HomeSportsCelebrity boxing is satire with a surprise ending.

Celebrity boxing is satire with a surprise ending.

The combatants circle each other in a hesitant, slightly frightened manner, pawing at the air, loosening their limbs, and sensing the spring and thump of the canvas beneath their feet. It takes them around 15 seconds to become bored and begin to fight.

KSI throws a straight right that eerily resembles a man falling into a bus. FaZe Temperrr answers with a check hook that resembles a person attempting to pick up a cat with one hand. In around a minute, they begin trading, but this description again seems insufficient.

What occurs is that KSI runs at Temperrr swinging his arms frantically, and Temperrr responds by flailing his arms wildly as well – you know, the way any of us would in a comparable scenario – until they become entangled like two abandoned Christmas trees on a Sidcup sidewalk.

Celebrity boxing is satire with a surprise ending.

After some minutes, KSI begins to establish his range, better time his rushes, avoid Temperrr’s long levers and utilize his greater speed in lightning-fast bursts. With less than a minute remaining in the first round, he moves in and delivers a strong right-left combo that penetrates Temperrr’s theoretical defenses and lands flush to the face. As Temperrr’s legs buckle beneath him, approximately 12,000 Wembley Arena spectators cheer and rise to their feet as though this is all real.

And, you know, that may be true. Perhaps the most stunning part of influencer boxing – a relatively new phenomenon in which social media stars slug it out for two minutes in front of quite astounding audience figures – is its eagerness to disguise itself as a “real sport.” There are actual commentators providing commentary on boxing. After his triumph, KSI receives a belt for a completely fictitious championship.

Celebrity boxing is satire with a surprise ending

On social media, followers analyze the battle in minute detail and evaluate KSI’s prospective future opponents. Joe Fournier appears to be an option. Salt Papi has challenged him to a fight. Everyone desires Jake Paul, but no one anticipates it happening for some time.

If you are unfamiliar with the inhabitants of this particular parallel universe, your eyes may have begun to glaze over well before this point. And perhaps the natural response here is to simply tune out, perhaps with a tiny head shake, a silent elegy, and a brusque aside about today’s youth.

Even within the sport, the emergence of the influencers has sparked heated debate, pearl-clutching, and fist-waving, along with images of a dystopian future in which boxing has been completely absorbed by a frivolous celebrity sideshow.
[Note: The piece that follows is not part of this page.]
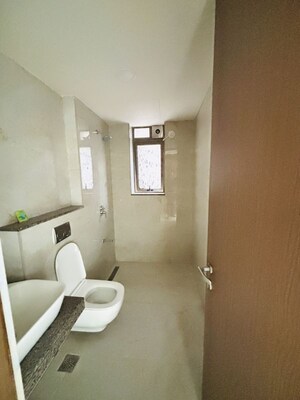 Bathroom in 3 BHK Apartment at Prestige Siesta, Mulund West – for Rent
In just a few years, influencers have distorted the sport’s economy to the point where KSI and Paul have already earned more in a few fights than, say, Josh Taylor will make in his whole lifetime.
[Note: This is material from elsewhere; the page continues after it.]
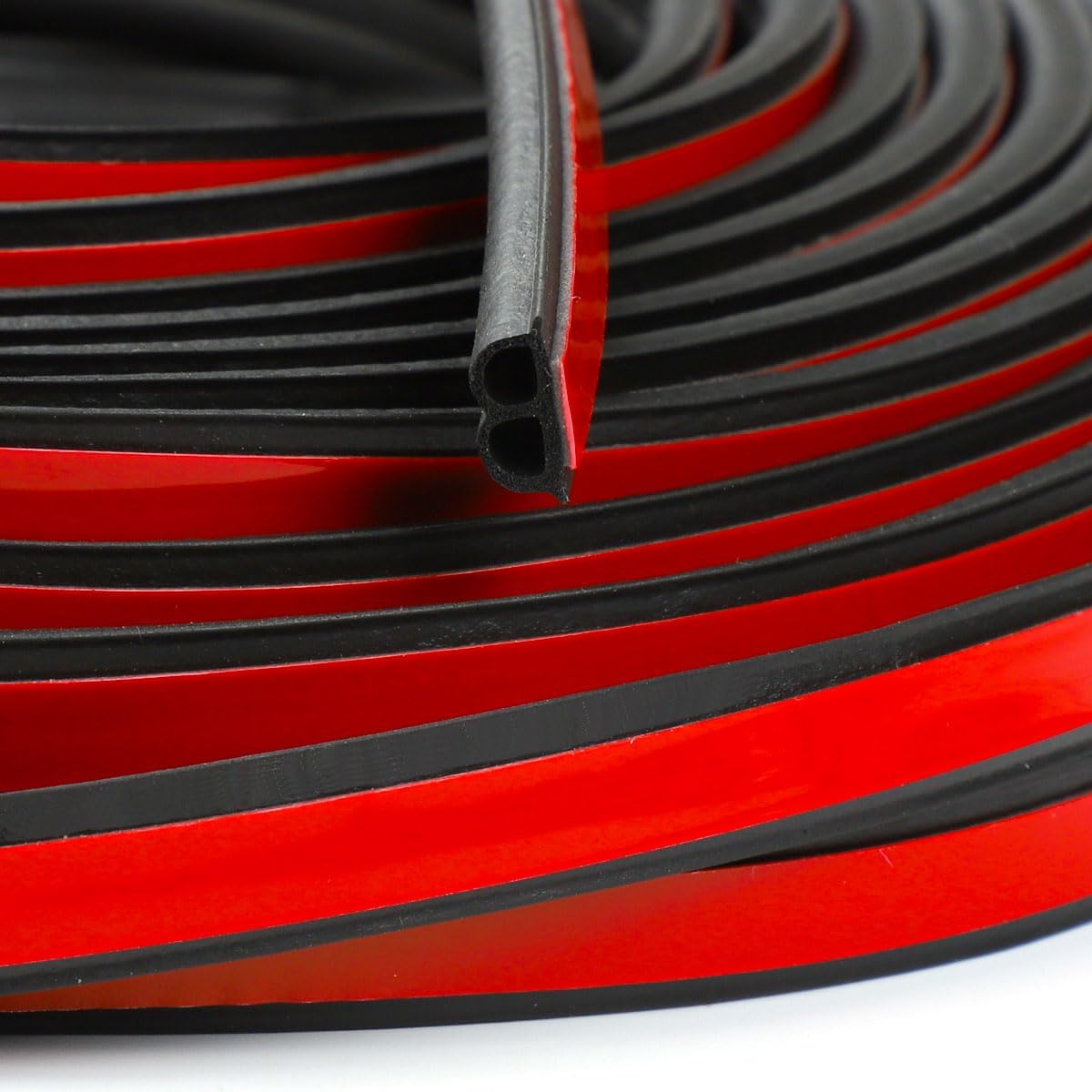 65.6Ft Universal Car Seal Strip, Universal Self Adhesive Auto Rubber Weather Draft Seal Strip,Weatherstrip for Car Window and Door,Engine Cover for Car, Truck, Pickups, Boats, and RVs (65.6Ft)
For me, the most intriguing aspect of this is why hundreds of thousands of people are so invested in a product that is mediocre by every objective athletic criterion. And they are truly invested.

YouTube boxing bubble

Last weekend’s bout between KSI and Faze Temperrr drew 300,000 pay-per-view purchases on Dazn, according to some sources. However, as with any large number in boxing, these figures should be treated with a grain of salt. A fight between KSI and Paul would likely shatter all previous records.

According to all accounts, the audience for celebrity boxing is much different from the audience for traditional boxing. In general, they are younger, follow stars rather than the sport itself. And pay little heed to The Ring dynasties or George Plimpton’s literature.

They are probably not going to be at York Hall on Friday evening. Once the YouTube boxing bubble begins to deflate. As virtually every internet trend inevitably does, the influencers will most likely take their following with them.

The second point to make is that there is some irony in the accusations of vulgarity and avarice, of low-quality fights and content for content’s sake, considering that these characteristics have seemingly been sewn into the fabric of boxing for decades.

Muhammad Ali’s unsuccessful 1970s wrestling career

The great conflicts are so infrequently fought, no one truly means what they say, self-interest reigns supreme. And the quality of the product rarely matches the promotional language. In addition, PR stunts and crossover experiments are hardly novel. Remember Muhammad Ali’s unsuccessful 1970s wrestling career?

The grotesquely intriguing emergence of the influencers must be viewed in this context. In a sense, influencer boxing is a form of sporting cosplay: virtually a spoof on boxing itself, arch and knowing and irony-drenched, amplifying its existing traits for effect. They resemble boxers and have the gait and demeanor of boxers.

They engage in trash talk and taunt one another like boxers. The product appears superficially similar to boxing. By the time you comprehend the punchline – they fight like drunks at The Grapes at 1 a.m. You are already in on the joke.

And by any standard, this is indeed an excellent joke. Making a parody of boxing that is so effective and accurate that it has proven more popular than the actual thing. Perhaps it is not a surprise that many YouTube boxers began their careers by filming and posting online pranks. The objective of boxing is to determine why it was so ripe for parody.